WHAT TO WORK ON → Please transcribe the data that follows exactly, from its first line through the line that contains "Set of 12 mint green plates and bowls".
------------------------------------------------
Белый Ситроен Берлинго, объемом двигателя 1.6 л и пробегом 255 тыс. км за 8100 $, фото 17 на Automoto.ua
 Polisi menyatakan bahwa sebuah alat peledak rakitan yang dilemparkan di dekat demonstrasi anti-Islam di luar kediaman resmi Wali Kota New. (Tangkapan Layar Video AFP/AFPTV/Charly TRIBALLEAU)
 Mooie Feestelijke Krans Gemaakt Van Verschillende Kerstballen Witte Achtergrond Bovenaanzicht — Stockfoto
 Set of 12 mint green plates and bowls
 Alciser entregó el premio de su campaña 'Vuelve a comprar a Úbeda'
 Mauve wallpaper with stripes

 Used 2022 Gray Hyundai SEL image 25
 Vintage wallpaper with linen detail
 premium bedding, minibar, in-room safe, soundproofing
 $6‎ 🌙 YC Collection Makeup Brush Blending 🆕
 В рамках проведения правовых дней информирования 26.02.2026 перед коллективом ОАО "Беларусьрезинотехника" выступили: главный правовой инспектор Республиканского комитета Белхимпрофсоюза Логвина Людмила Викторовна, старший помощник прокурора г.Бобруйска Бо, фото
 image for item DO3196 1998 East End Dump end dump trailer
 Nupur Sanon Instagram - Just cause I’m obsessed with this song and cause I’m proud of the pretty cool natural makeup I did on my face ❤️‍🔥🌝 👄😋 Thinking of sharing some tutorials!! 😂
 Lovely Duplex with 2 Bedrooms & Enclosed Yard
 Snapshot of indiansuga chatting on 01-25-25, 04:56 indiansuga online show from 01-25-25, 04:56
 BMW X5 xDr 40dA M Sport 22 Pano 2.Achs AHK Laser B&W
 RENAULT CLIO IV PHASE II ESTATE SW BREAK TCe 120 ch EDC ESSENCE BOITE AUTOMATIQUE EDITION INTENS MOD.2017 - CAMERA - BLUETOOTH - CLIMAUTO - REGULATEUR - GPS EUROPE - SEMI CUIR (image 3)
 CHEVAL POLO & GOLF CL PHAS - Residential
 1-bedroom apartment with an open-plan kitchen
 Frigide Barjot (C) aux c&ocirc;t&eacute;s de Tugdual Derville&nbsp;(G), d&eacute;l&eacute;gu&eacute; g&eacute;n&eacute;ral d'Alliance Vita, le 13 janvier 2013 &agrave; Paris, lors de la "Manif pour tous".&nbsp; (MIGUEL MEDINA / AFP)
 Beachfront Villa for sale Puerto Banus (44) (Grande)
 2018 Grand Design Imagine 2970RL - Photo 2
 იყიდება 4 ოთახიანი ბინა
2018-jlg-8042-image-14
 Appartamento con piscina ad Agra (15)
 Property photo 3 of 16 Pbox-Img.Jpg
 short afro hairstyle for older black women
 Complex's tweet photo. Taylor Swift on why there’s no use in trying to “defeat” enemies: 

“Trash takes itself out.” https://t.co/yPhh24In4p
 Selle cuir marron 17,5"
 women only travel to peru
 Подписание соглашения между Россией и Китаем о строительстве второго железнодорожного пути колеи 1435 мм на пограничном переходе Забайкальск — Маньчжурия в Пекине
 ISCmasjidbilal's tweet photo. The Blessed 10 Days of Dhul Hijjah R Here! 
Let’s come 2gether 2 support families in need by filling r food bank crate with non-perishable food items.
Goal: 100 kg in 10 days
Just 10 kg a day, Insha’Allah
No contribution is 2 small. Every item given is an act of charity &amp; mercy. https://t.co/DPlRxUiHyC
------------------------------------------------
RESPONSE BELOW →
Белый Ситроен Берлинго, объемом двигателя 1.6 л и пробегом 255 тыс. км за 8100 $, фото 17 на Automoto.ua
 Polisi menyatakan bahwa sebuah alat peledak rakitan yang dilemparkan di dekat demonstrasi anti-Islam di luar kediaman resmi Wali Kota New. (Tangkapan Layar Video AFP/AFPTV/Charly TRIBALLEAU)
 Mooie Feestelijke Krans Gemaakt Van Verschillende Kerstballen Witte Achtergrond Bovenaanzicht — Stockfoto
 Set of 12 mint green plates and bowls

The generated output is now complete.